Come now, darken the edge of that pillar ... I fear you have made the tower a little confused,' and so forth.

I offered to buy a few apples off him, but he gave me three instead, and these, as they incommoded me, I gave later to a little child.

Indeed the people of Epinal, not taking me for a traveller but simply for a wandering poor man, were very genial to me, and the best good they did me was curing my lameness. For, seeing an apothecary's shop as I was leaving the town, I went in and said to the apothecary -

'My knee has swelled and is very painful, and I have to walk far; perhaps you can tell me how to cure it, or give me something that will.'

'There is nothing easier,' he said; 'I have here a specific for the very thing you complain of.'

With this he pulled out a round bottle, on the label of which was printed in great letters, 'BALM'.

'You have but to rub your knee strongly and long with this ointment of mine,' he said, 'and you will be cured.' Nor did he mention any special form of words to be repeated as one did it.

Everything happened just as he had said. When I was some little way above the town I sat down on a low wall and rubbed my knee strongly and long with this balm, and the pain instantly disappeared. Then, with a heart renewed by this prodigy, I took the road again and began walking very rapidly and high, swinging on to Rome.

The Moselle above fipinal takes a bend outwards, and it seemed to me that a much shorter way to the next village (which is called Archettes, or 'the very little arches', because there are no arches there) would be right over the hill round which the river curved.

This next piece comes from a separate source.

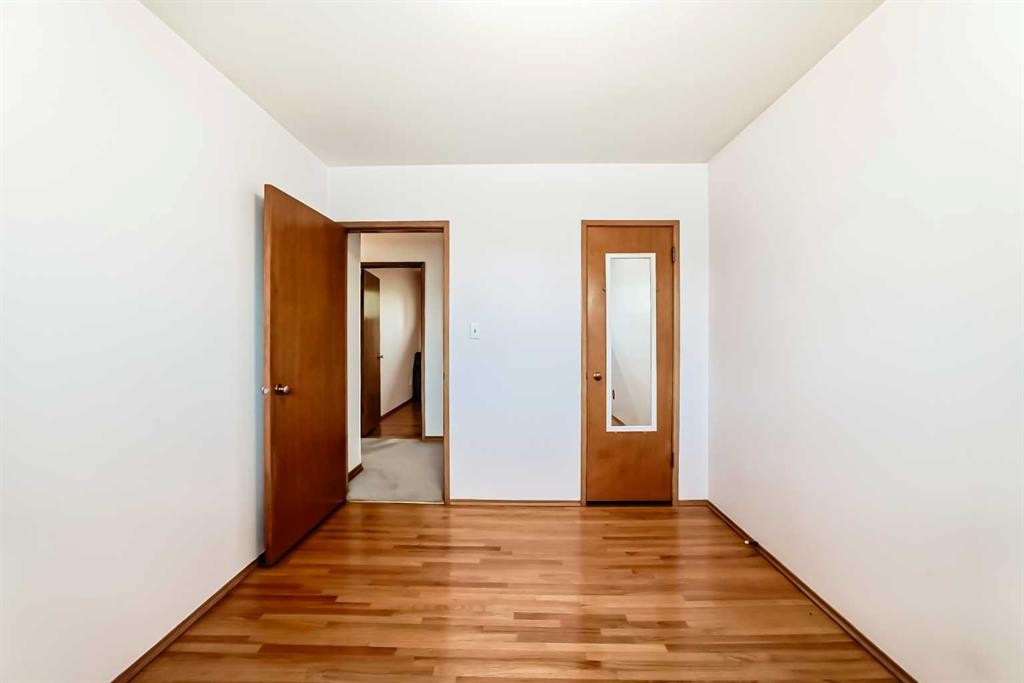 3132 48 Street Sw, Calgary, AB - Indoor Photo Showing Other Room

This error came from following private judgement and not heeding tradition, here represented by the highroad which closely follows the river. For though a straight tunnel to Archettes would have saved distance, yet a climb over that high hill and through the pathless wood on its summit was folly.

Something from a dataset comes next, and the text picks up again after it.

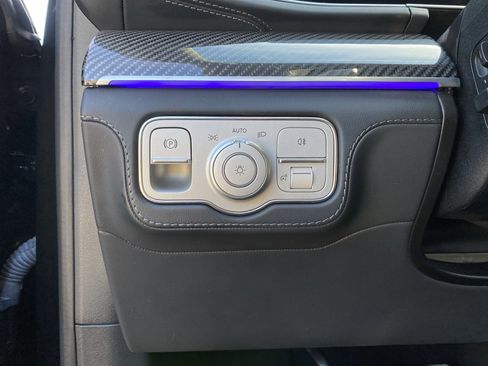 Used 2024 Mercedes-Benz GLS 63 AMG 4MATIC image 28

I went at first over wide, sloping fields, and some hundred feet above the valley I crossed a little canal. It was made on a very good system, and I recommend it to the riparian owners of the Upper Wye, which needs it. They take the water from the Moselle (which is here broad and torrential and falls in steps, running over a stony bed with little swirls and rapids), and they lead it along at an even gradient, averaging, as it were, the uneven descent of the river. In this way they have a continuous stream running through fields that would otherwise be bare and dry, but that are thus nourished into excellent pastures.